Intervensi Kementerian Koordinator Bidang Politik, Hukum dan Keamanan (Kemenko Polhukam) yang mempertanyakan kebijakan larangan reklame rokok di Jakarta dikritik Koalisi Smoke Free Jakarta. Padahal larangan itu sudah diatur dalam Peraturan Gubernur Nomor 1 Tahun 2015 mengenai Larangan Reklame Rokok di Jakarta.
Menurut Koalisi Smoke Free Jakarta, kebijakan larangan reklame rokok itu adalah untuk melindungi masyarakat dari bahaya merokok dan secara khusus melindungi anak dan perempuan menjadi perokok pemula.
"Kok Kemenko Polhukam mengotak-atik kebijakan rokok di daerah.
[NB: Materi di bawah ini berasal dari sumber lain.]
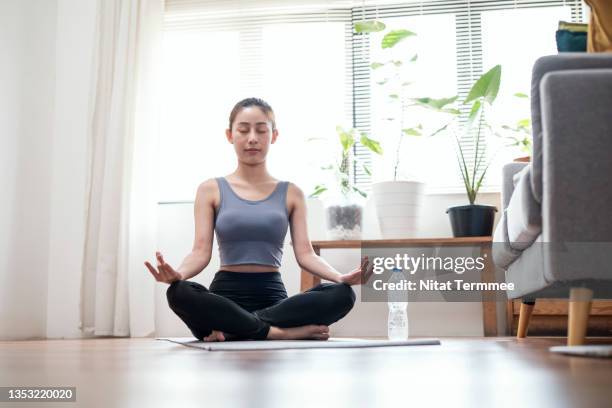 yoga improves strength, balance, and flexibility. young asian woman doing lotus pose to meditate at her apartment. office syndrome preventing, healthy lifestyle. - self discipline imagens e fotografias de stock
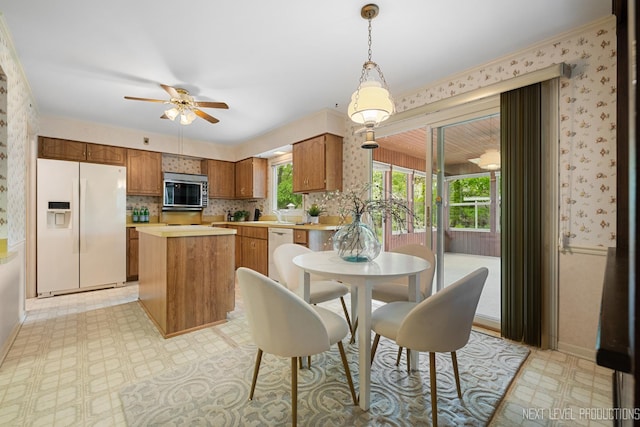 1408 N W St, Naperville, IL 60563 - dining space with wallpapered walls, light floors, baseboards, and a ceiling fan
Apa ini sudah mengancam pertahanan nasional?" kata Koalisi Smoke Free Jakarta, Dollaris Riauaty Suhadi di Jakarta Pusat, Senin (13/04).
Koalisi menyampaikan sikap kritis karena melihat Kemenko Polhukam mengabaikan pemangku kepentingan terkait larangan reklame rokok dalam undangan pertemuan yang digelar Kemenko Polhukam.
“Salah satunya tidak diundangnya Kementerian Kesehatan dan Kementerian Prmbangunan Manusia dan Kebudayaan dalam rapat oleh Kemenko Polhukam, Selasa 14 April 2015,” kata Dollaris.
Padahal, ungkap Dollaris, reklame rokok akan membuat jumlah konsumen rokok di Jakarta meningkat. Misalnya pertumbuhan perokok anak-anak di tahun 2010 mencampai 30,8 persen. Sementara itu prevalensi penonton iklan rokok bagi anak anak sebanyak 93,23 persen.
Ada pun, pajak reklame rokok di Jakarta pada tahun 2010 tak terlalu besar. Yakni hanya berkisar 3 persen dari Pajak Daerah Jakarta keseluruhan, yakni Rp14 miliar dari Rp10 triliun. Sementara itu pajak reklame secara total pada tahun 2010 tercatat sebesar Rp251 miliar.
"Atas dasar itu mengapa harus mengorbankan remaja dan generasi muda. Jadi sudah benar Gubernur Ahok langsung tanpa ragu-ragu melarang penyelanggara reklame rokok," pungkas Dollaris.